Я шла уже довольно долго…
Пронзительный ветер дул так, что хотелось сжаться и спрятаться. Так дует, когда корабль уходит под воду, а до суши тысячи миль. Может, были и сильнее ветра, но этот – последний и потому, конечно, самый острый. Я шла уже довольно долго. Тепла во мне почти не осталось. Да что там тепла. Души не осталось. Мне некуда больше идти. Хоть гони лошадей, хоть не гони. Какая здесь грязь библейская… Она такая густая, как сметана, и ее так много, что, если вдруг упадешь, скроет тебя всю. Только это меня и удерживает еще на ногах. Лечь бы куда-нибудь под березку и заснуть холодным сном могилы. «Зоя Смородина. Июль 1897 – октябрь 1916» – будет написано на сером камне. И наверняка еще что-нибудь сентиментальное. Моя бы воля, я бы написала: «Сизая голубка, разбившаяся о холод жизни». А еще лучше, если бы: «Зачем пережила тебя любовь моя?» И подпись: безутешный Георгий.
Этот проклятый город все не кончается. Заборы, заборы, за ними лают собаки и в теплых домах пьют горячий чай спокойные люди. И никому здесь нет до меня дела. Зачем я приехала в этот жестокий город, где разбились все мои мечты? Чего я искала? И что нашла? Даже чистого места, полянку найти не могу!

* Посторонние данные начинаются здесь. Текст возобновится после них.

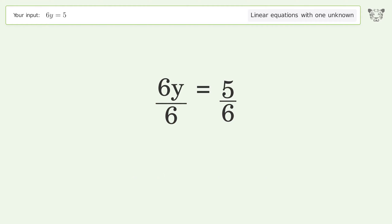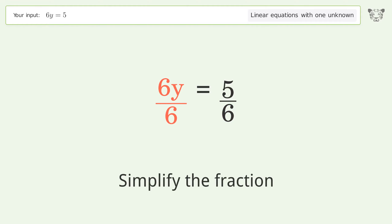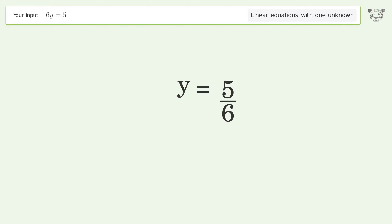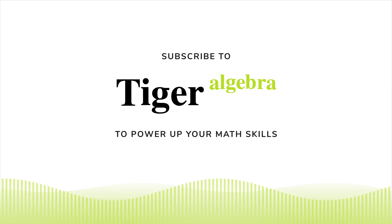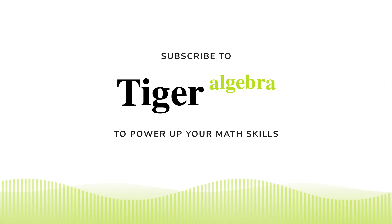Isolate the y — divide both sides by 6. Simplify the fraction. And so the final result is y equals 5 over 6.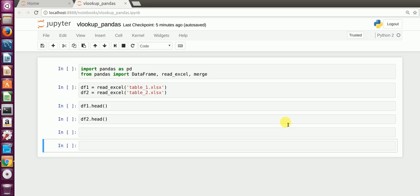Every time manipulating data in Excel is not something that most data science professionals like. So rather than going the Excel way, I decided to show you a very simple way on how to use VLOOKUP in Python Pandas.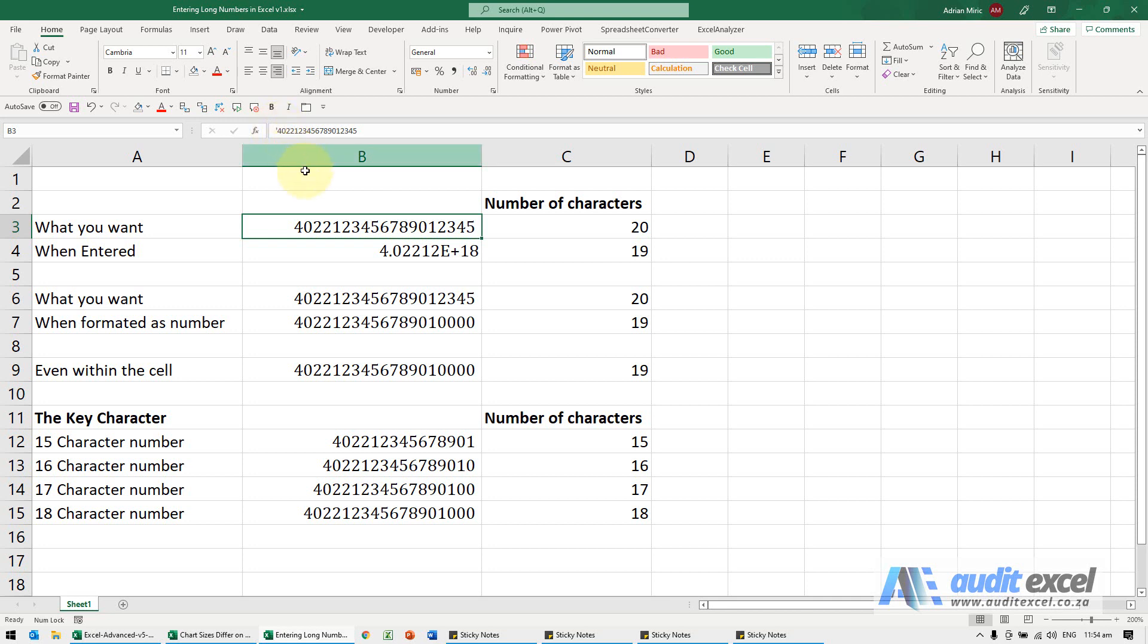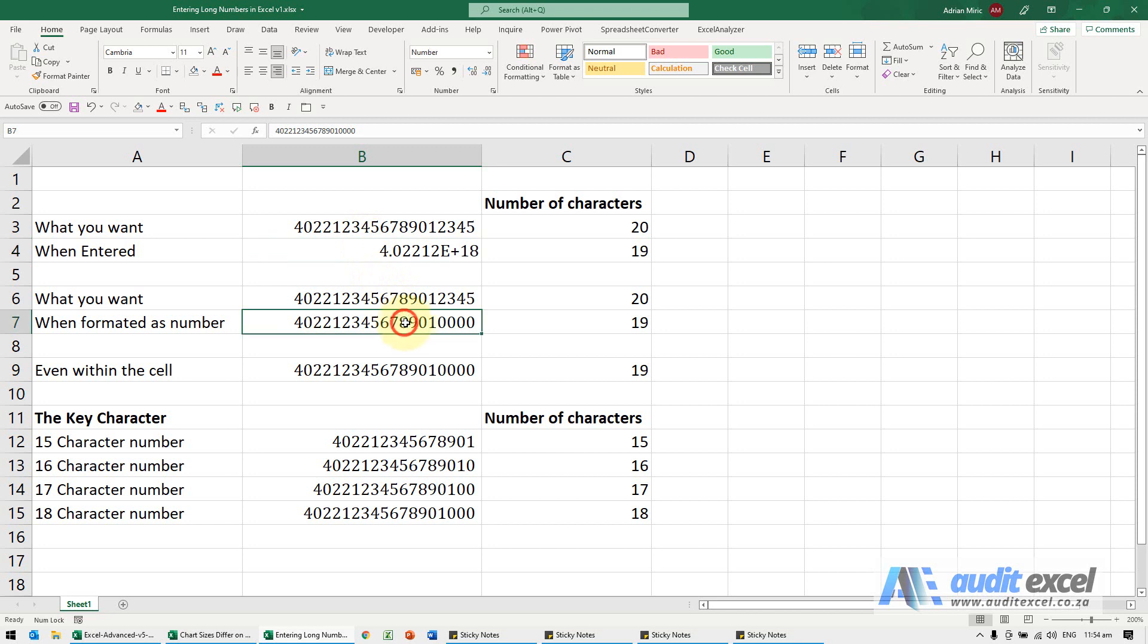If I entered it normally, Excel would do something like this, it'll give us exponential. If you look carefully when you format that as a number, which is over here, notice that the last four characters are different.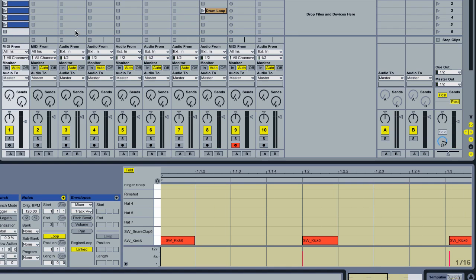So if you've got lots of drum loops and they're not really sitting together very well, find the one that has the swing, trim it to a loop, extract the groove from it and then apply it to the rest of your loops and that will probably help and everything will fit together and all will have the same groove.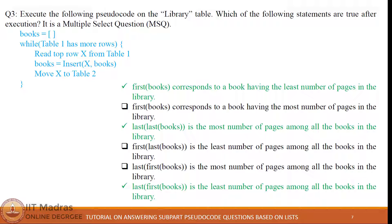For first of last of books, last of books refers to the last element in the list and first of that returns the sequence number of that book, not the number of pages. For last of first of books, first of books refers to the first element in the list and last of that returns the number of pages of that book, corresponding to the minimum number of pages. So the difference is: first of books gives the details of the book with least pages, whereas last of first of books gives the minimum number of pages.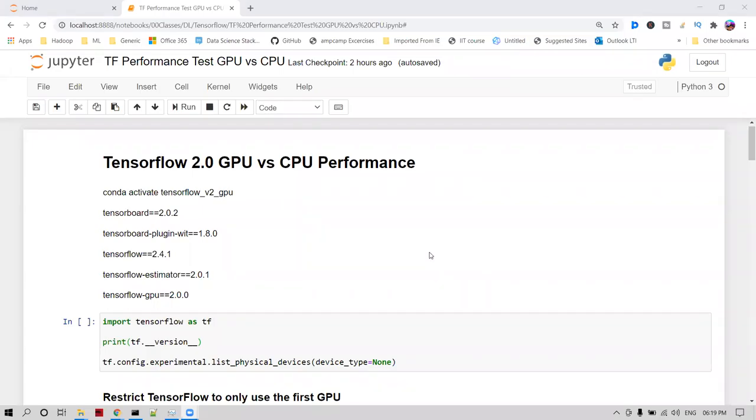Hello friends, in this video we are going to see an interesting topic: GPU and CPU performance testing using TensorFlow 2.4.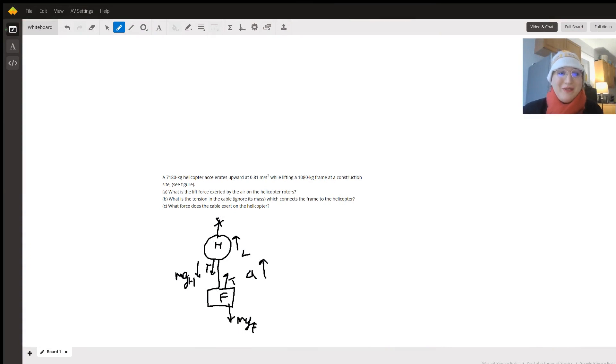Hello, thanks for clicking on the video. My name is Kimberly and I'm a tutor here on Wyzant. I've got a cool physics problem I want to work through with you, so let's get started by reading the problem statement.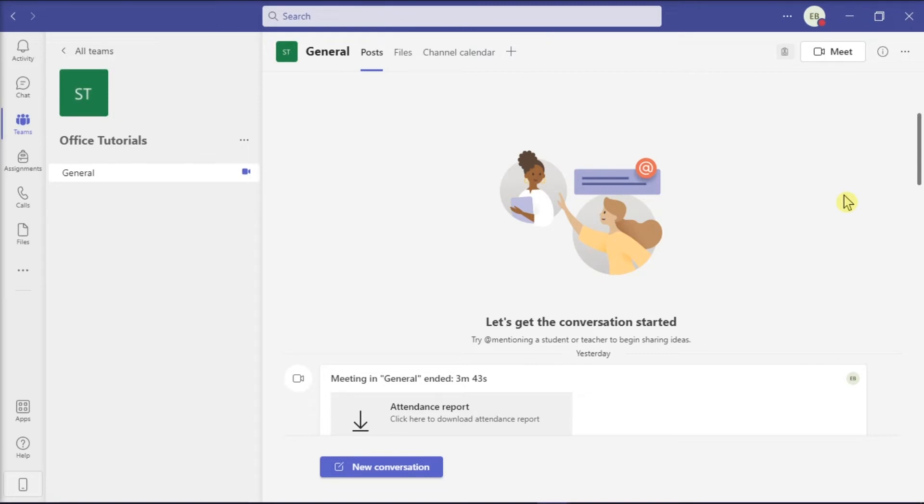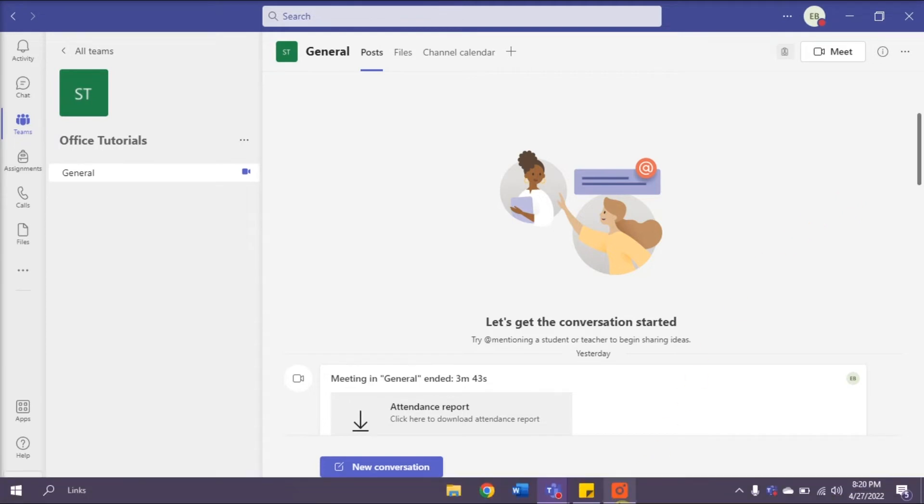Launch first the Microsoft Teams application on your desktop and then start or join an online meeting.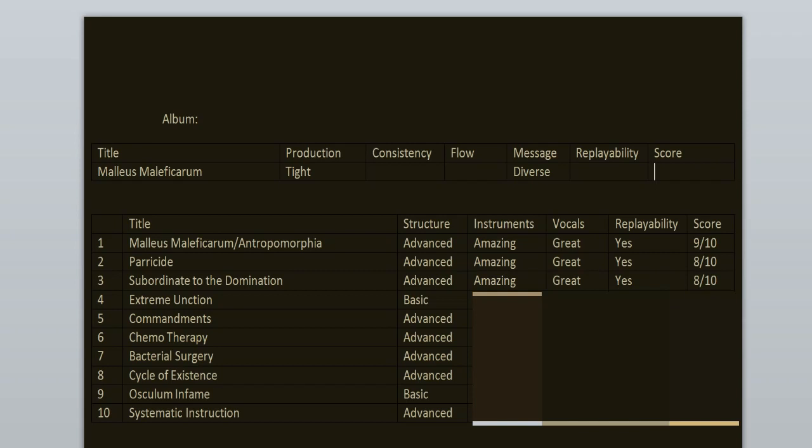Extreme Unction has much more basic structure. It's also only 19 seconds long. It's fast, it's straight to the point. It's a good song, but to me personally it's the weakest one. 7 out of 10.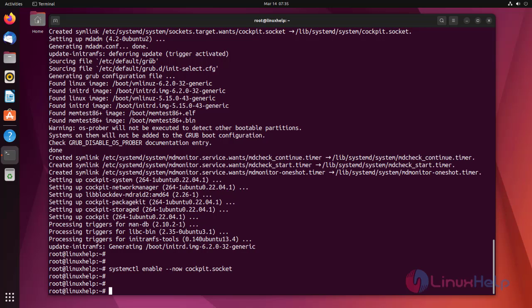Now create a user for login by using the below command.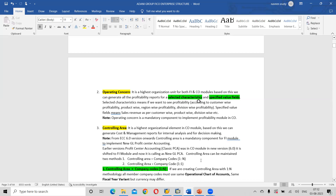Controlling area can be maintained in two methods: first, controlling area equals company codes — one is to N methodology (one controlling area to multiple company codes); and second, controlling area equals company code — one is to one methodology.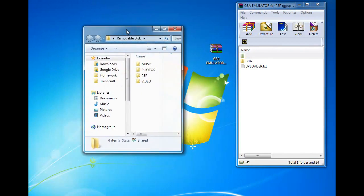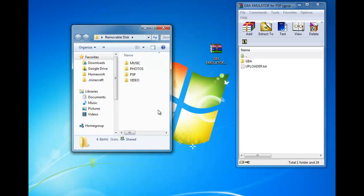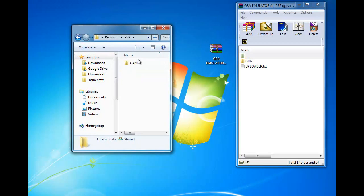On this, you're going to go to your PSP folder, open that up, and then open up your game folder.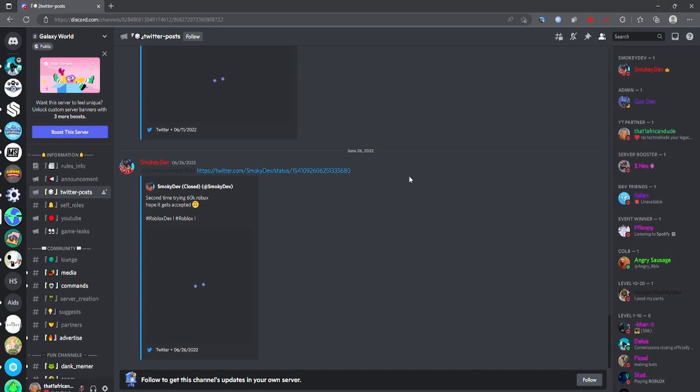Join this Discord server. I'll put the link in the description so you guys can join. You can see work from other developers if you like and talk to people. Enjoy the video.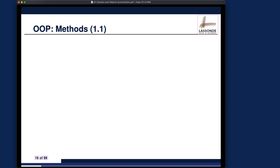Before we develop the product class further, I would like to assign some slides to you for study. We will soon start developing more methods into the product class, including more constructors, accessors, and mutators. Let's walk through the slides quickly, but you should do a detailed study yourself and get back to me if you've got any questions.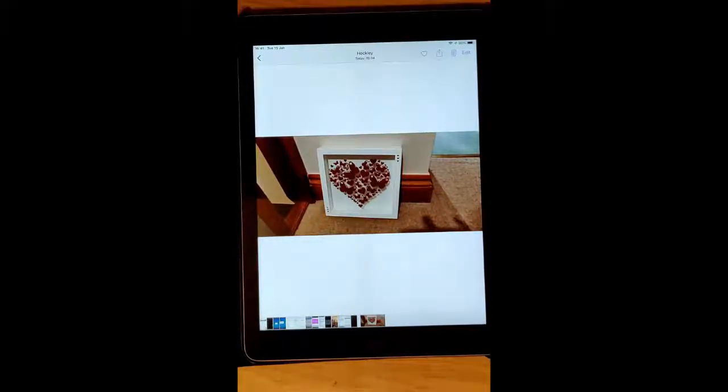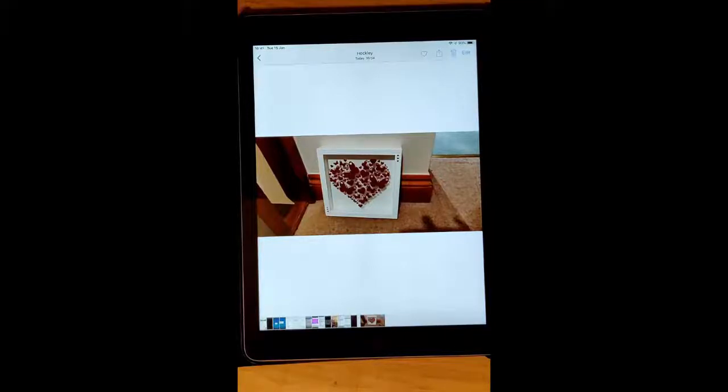So that showed you how to save a photo from an email on an iPhone or iPad to your photos. Hope this guide helps. Thanks for watching.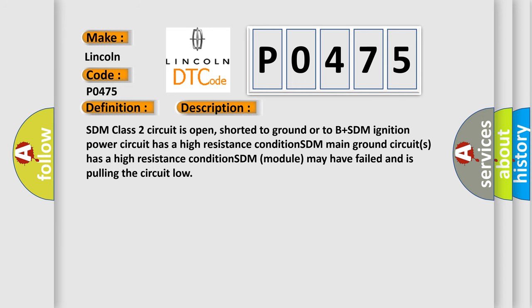SDM class 2 circuit is open, shorted to ground or to B plus SDM. Ignition power circuit has a high resistance condition. SDM main ground circuits has a high resistance condition. SDM module may have failed and is pulling the circuit low.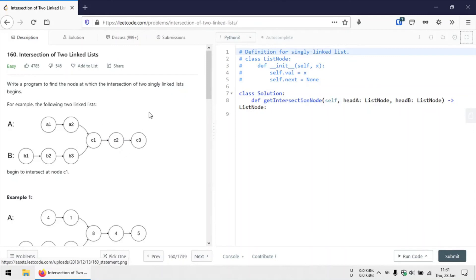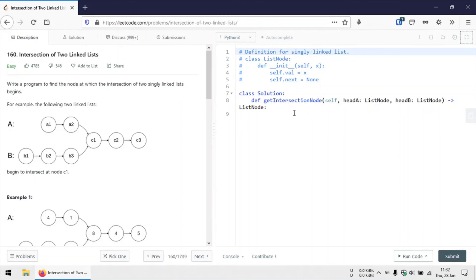So that's the approach. Initially we can also check for a boundary condition: when either of the two given linked lists is not existing, or is simply none. In that case we can simply return null, because we know that if either of the two linked lists doesn't exist, there can't possibly be a merging point. So that's the approach, and let's start with the code.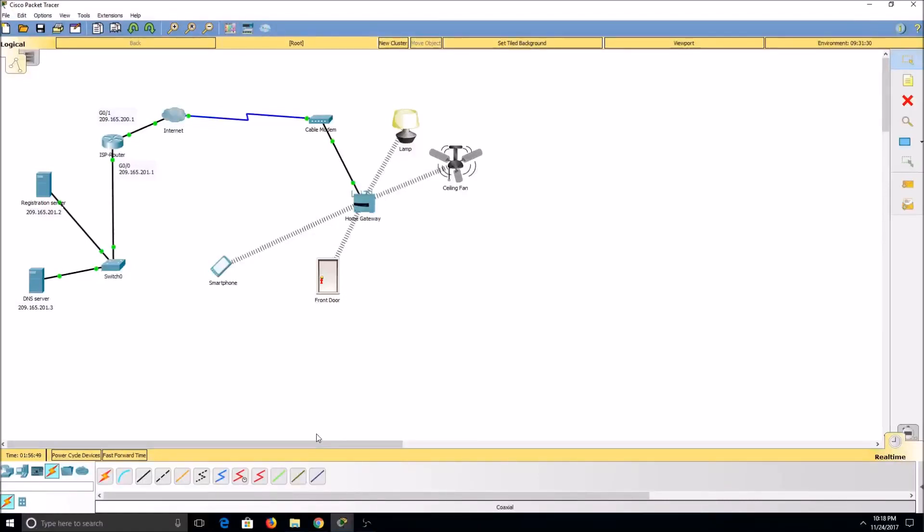In this video, I'll be going over LTE, Bluetooth, and RFID technology in Packet Tracer.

Слезы опять полились таким потоком, словно где-то внутри меня случилась пробоина. Это же я – тот самый корабль, что идет ко дну. Лицу стало еще холоднее, а пасмурная муть в душе стала еще сильнее.
И ведь самое плохое, что все оказались правы, а я одна не права. И папа – прав, когда говорил, что добросердечие в таких делах наказывается. И мама права. Ей сразу не понравился Георгий. «Это не тот человек, это не тот человек», – повторяла она снова и снова, как заклинание. А я слышала: «Это тот человек, это тот человек».
Пошел дождь и идти стало совсем плохо. Впрочем, мне чем хуже, тем лучше. Хорошо бы началась гроза, но в конце октября рассчитывать на это не приходилось. Мои когда-то белые боты покрылись глянцевой грязью, и это было правильно. Так и надо.
Рядом остановилась пролетка, из которой выскочил ладный военный.
– Вам плохо, барышня? – его серые глаза смотрели внимательно.
Где-то я его уже видела, наверное, он сослуживец Георгия. Вот позору-то будет, если он меня узнает. Станет рассказывать…
– Мне хорошо, – сказала я сквозь зубы, так, чтобы было понятно – идите отсюда.
Пусть думает, что хочет. Какое вам всем до меня дело, до моей загубленной жизни?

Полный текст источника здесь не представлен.